DAVIES: Now one of the things you want to do when someone brings you something
is make sure it's not stolen to the extent you can. Are there particular clues
that tell you something might be hot?

Mr. HARRISON: I mean we always ask the questions, you know, where did you get
it, and a lot other things like that. Most people don't realize how regulated
the pawn industry is, especially where I'm at in Nevada. When I take something
in pawn or I buy something, I just don't take ID. I take their ID, it's their
driver's license number, it's their height, it's their weight, their eye color,
their build. I turn that into the local police department, and then I also have
to turn into Homeland Security; it's part of the Patriot Act. And that goes to
leads online, which is put in a central database across the United States, it
checks for stolen items.

DAVIES: Now if something does turn out to be stolen – I mean because when you
make that transaction you don't know, and I'm sure this happens, what, do you
take a hit?

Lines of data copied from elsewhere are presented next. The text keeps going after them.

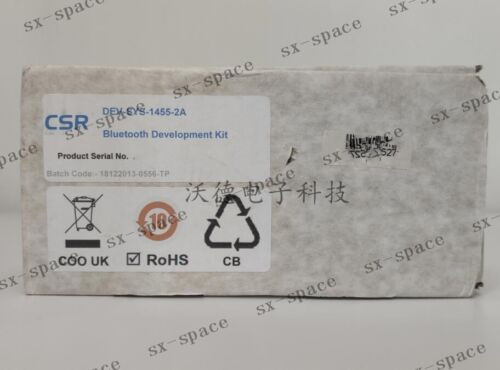 1Pcs New Dev-Sys-1455-2A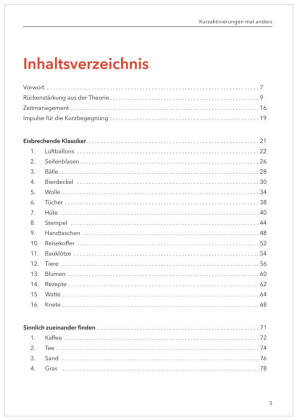 Kurzaktivierungen mal anders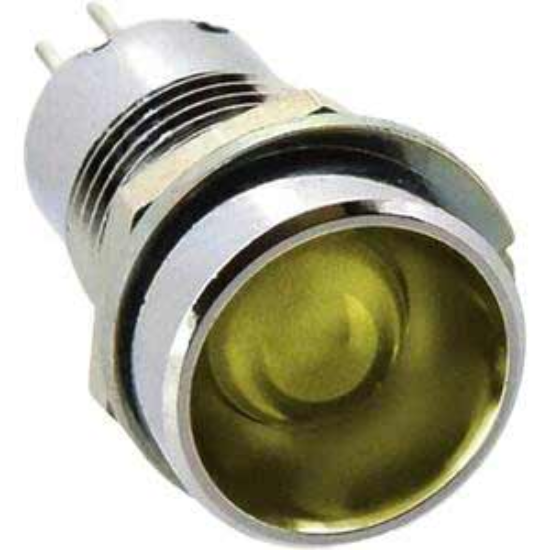 Ảnh của Đèn báo mini D9mm IDEC UP9-97Y 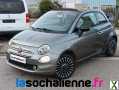 Photo fiat 500c 1.3 Multijet 95 ch S\\u0026amp;S Club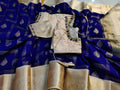 Ready to wear sarees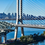 Miniature : Panorama du pont S. de Champlain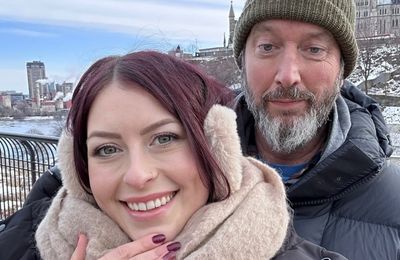 Tom Green engaged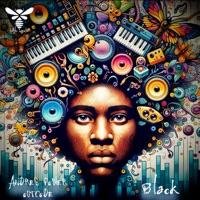Black - Single - Andres Power & OutCode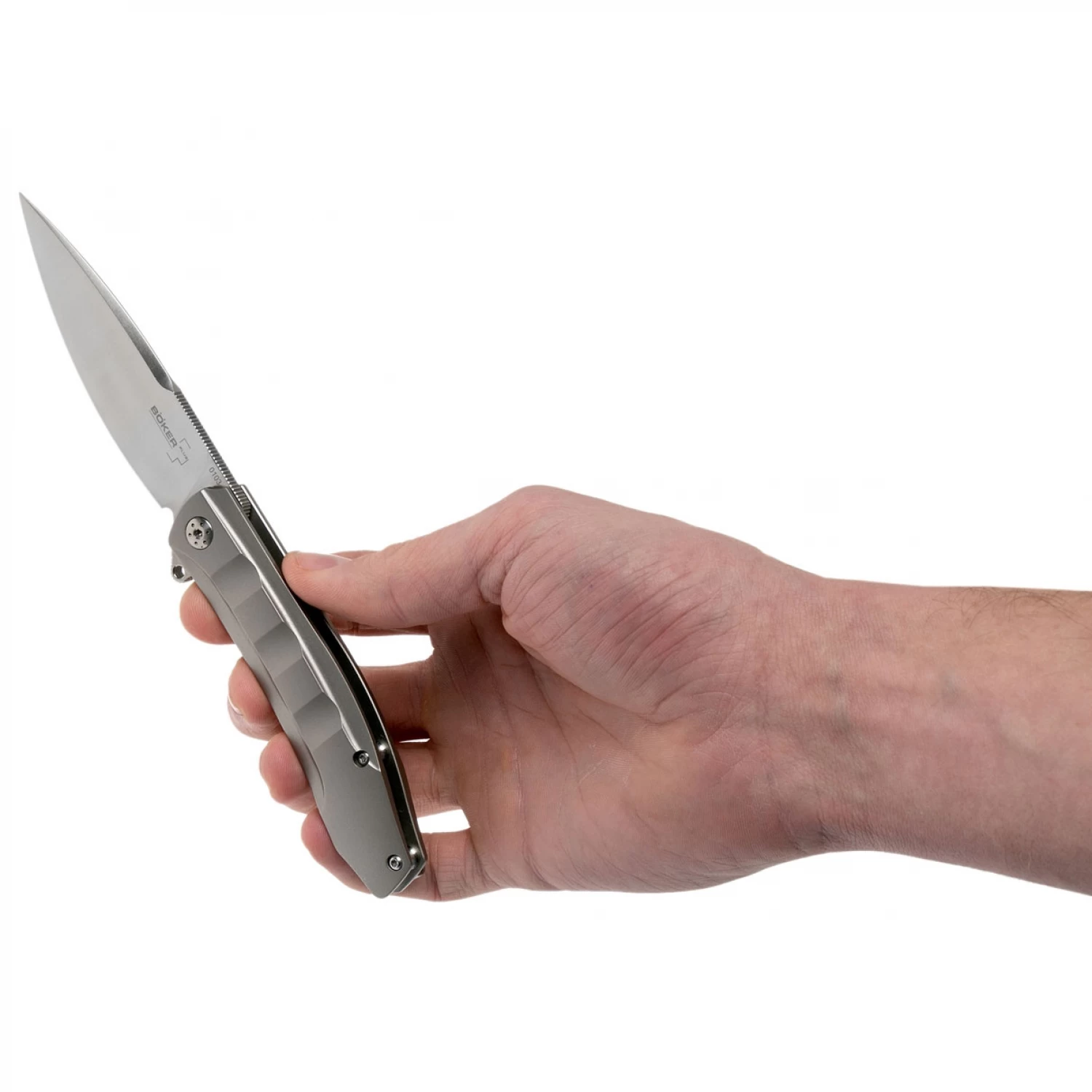 Нож BOKER TALPID BK01BO249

Does the...

Mr. HARRISON: Oh, I take the hit. Oh, yeah, two years ago I took a hit for
$40,000 on a set of diamond earrings.

DAVIES: What happened?

Mr. HARRISON: You know, basic procedure. Asked him all the questions and he
showed me receipts. Apparently, he had committed some credit card fraud. I was
out $40,000.

DAVIES: So...

Mr. HARRISON: Police came in the next day and just took them.

DAVIES: So the lady who lost her earrings gets them back. The miscreant gets
prosecuted. Justice is served, but you're out the money.

(Soundbite of laughter)

Mr. HARRISON: I'm out the money and it's the price of paying - doing business.
That's the way I look at it.

DAVIES: All right. Now the other thing that you've got to do is figure out when
somebody is trying to pass off a fake. So I guess you get pretty good. One of
the things you see a lot is Rolex watches. How can you tell a fake Rolex watch?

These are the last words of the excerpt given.